Improving the Separation Between Similar Classes Using a Mutual k-NN Graph

This post briefly explains how the connectivity of the original graphical representation can adversely affect the resulting UMAP embeddings.

In default UMAP, a weighted k nearest neighbor (k-NN) graph, which connects each datapoint to its 𝑘 nearest neighbors based on some distance metric, is constructed and used to generate the initial topological representation of a dataset.

However, previous research has shown that using a weighted k-NN graph may not provide an accurate representation of the underlying local structure for a high dimensional dataset. The k-NN graph is relatively susceptible to the “curse of dimensionality” and the associated distance concentration effect, where distances are similar in high dimensions, as well as the hub effect, where certain points become highly influential when highly connected. This skews the local representation of high dimensional data, deteriorating its performance for various similarity-based machine learning tasks.

A recent paper titled Clustering with UMAP: Why and How Connectivity Matters proposes a refinement in the graph construction stage of the UMAP algorithm that uses a weighted mutual k-NN graph rather than it vanilla counterpart, to reduce the undesired distance concentration and hub effects.

Mutual k-NN graphs have been shown to contain many desirable properties when combating the “curse of dimensionality” as discussed in this paper . However, one pitfall of using a mutual k-NN graph over the original k-NN graph is that it often contains disconnected components and potential isolated vertices.
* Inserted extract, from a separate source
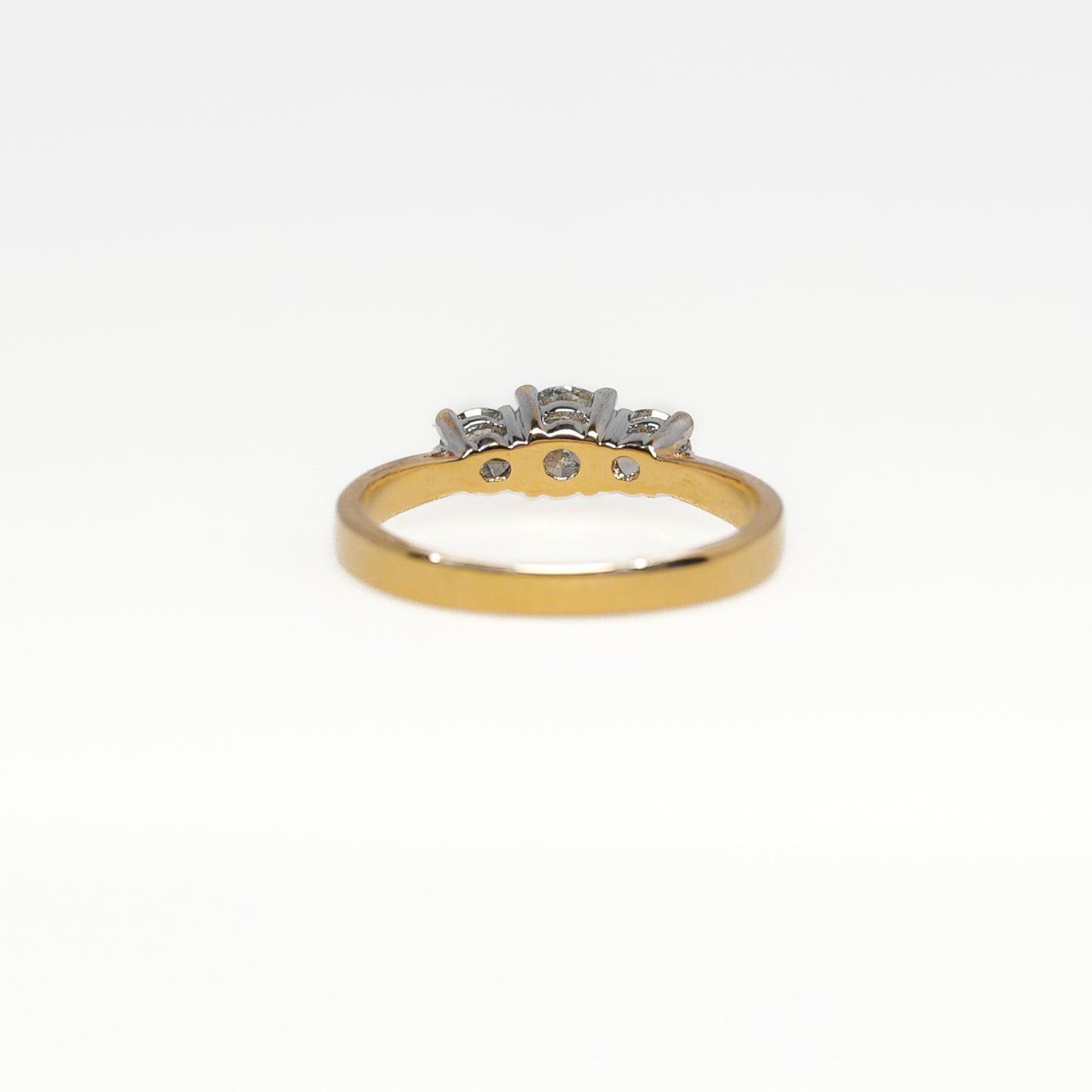 14K 3 Diamond Engagement Ring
This violates one of UMAP primary assumptions that “The manifold is locally connected.” To combat the issue of isolated components, the authors consider different methods that have been previously used to augment and increase the connectivity of the mutual k-NN graph:

NN: To minimally connect isolated vertices and satisfy the assumption that the underlying manifold is locally connected, we add an undirected edge between each isolated vertex and its original nearest neighbor (de Sousa, Rezende, and Batista 2013).Note that the resulting graph may still contain disconnected components.
MST-min: To achieve a connected graph, add the minimum number of edges from a maximum spanning tree to the mutual k-NN graph that has been weighted with similarity-based metrics(Ozaki et al. 2011). We adapt this by calculating the minimum spanning tree for distances.
MST-all: Adding all the edges of the MST.

They also different ways to obtain the new local neighborhood for each point x_i:

Adjacent Neighbors: Only consider neighbors that are directly connected(adjacent) to x_i in the connected mutual k-NN graph.
Path Neighbors: Using shortest path distance to find the new k closest points to x_i with respect to the connected mutual k-NN graph. This shortest path distance can be considered a new distance metric as it directly aligns with UMAP’s definition of an extended pseudo-metric space.

Visualizing the Results

To see the differences between using a mutual k-NN graph vs the original k-NN graph as the starting topology for UMAP, let’s visualize the 2D projections generated for MNIST, FMNIST, and 20 NG Count Vectors using each of the discussed methods. For all code snippets to reproduce the results and visualizations, please refer to this Github repo. Will be adding this soon as a mode to the original implementation.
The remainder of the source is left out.